- Problem details
Copy out the data exactly as it appears, without a single image.

- Stored data
------------------------------------------------------------
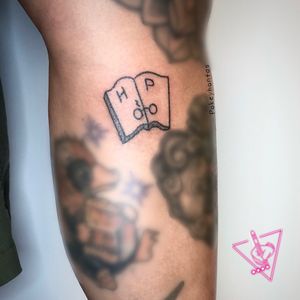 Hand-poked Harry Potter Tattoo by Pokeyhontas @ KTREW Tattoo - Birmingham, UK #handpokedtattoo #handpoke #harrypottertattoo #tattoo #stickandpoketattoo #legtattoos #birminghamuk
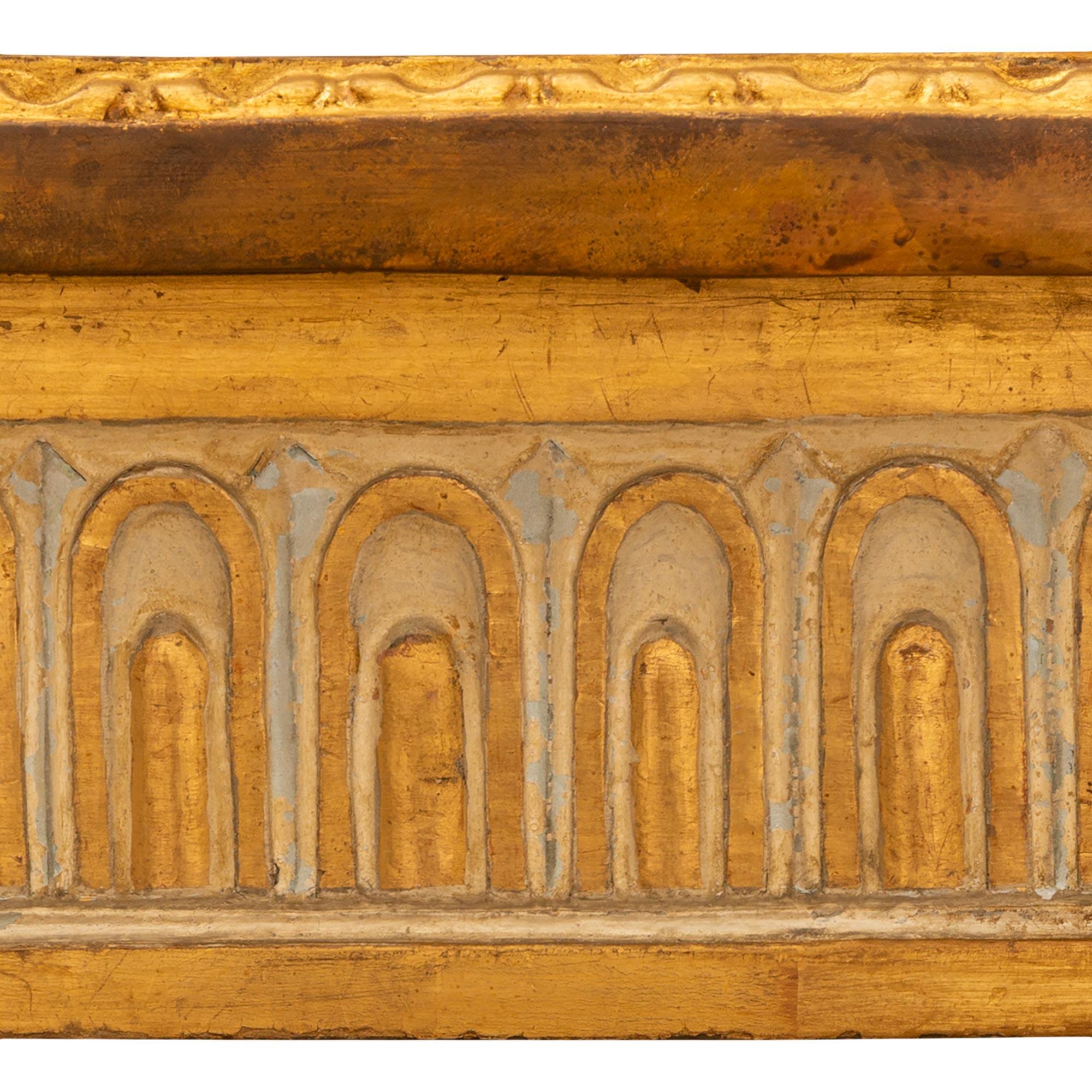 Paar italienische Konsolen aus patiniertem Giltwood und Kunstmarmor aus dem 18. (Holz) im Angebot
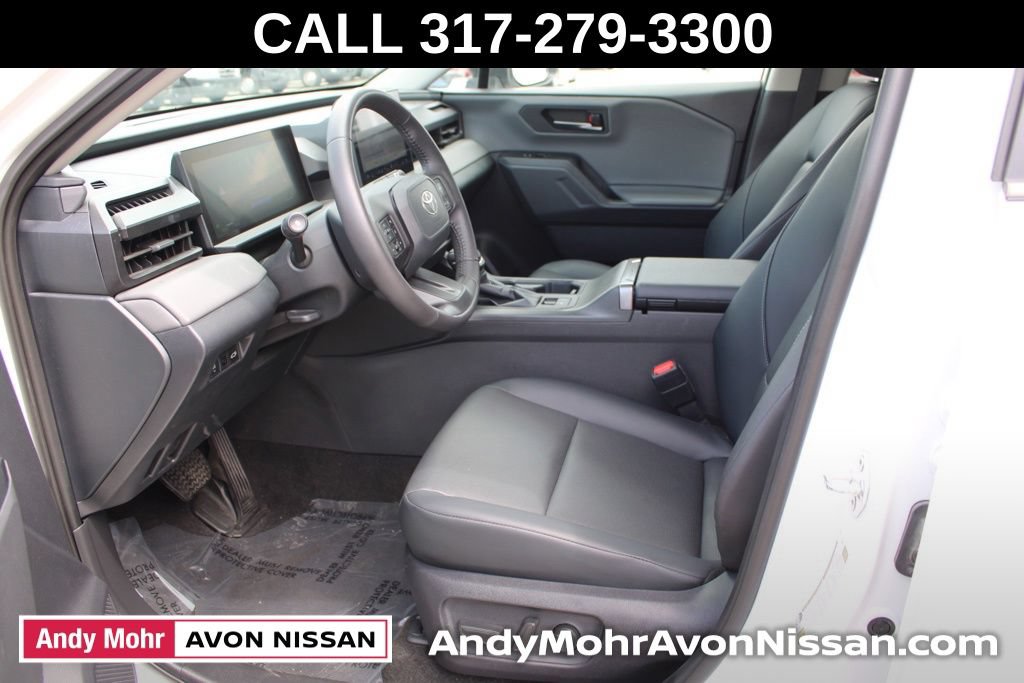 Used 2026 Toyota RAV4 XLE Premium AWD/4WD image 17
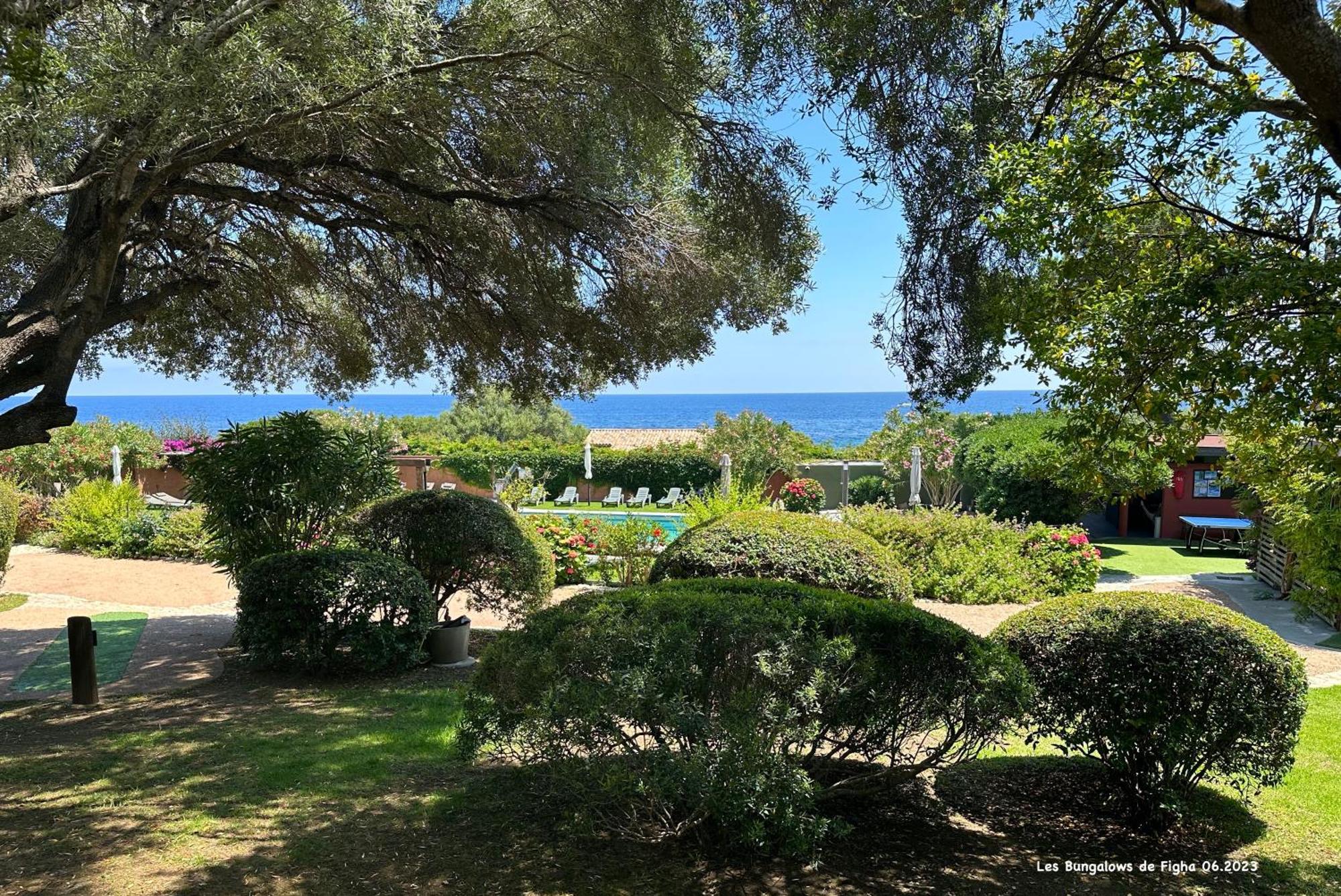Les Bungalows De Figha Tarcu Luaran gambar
------------------------------------------------------------
- Your solution
 Hand-poked Harry Potter Tattoo by Pokeyhontas @ KTREW Tattoo - Birmingham, UK #handpokedtattoo #handpoke #harrypottertattoo #tattoo #stickandpoketattoo #legtattoos #birminghamuk
 Paar italienische Konsolen aus patiniertem Giltwood und Kunstmarmor aus dem 18. (Holz) im Angebot
 Used 2026 Toyota RAV4 XLE Premium AWD/4WD image 17
Les Bungalows De Figha Tarcu Luaran gambar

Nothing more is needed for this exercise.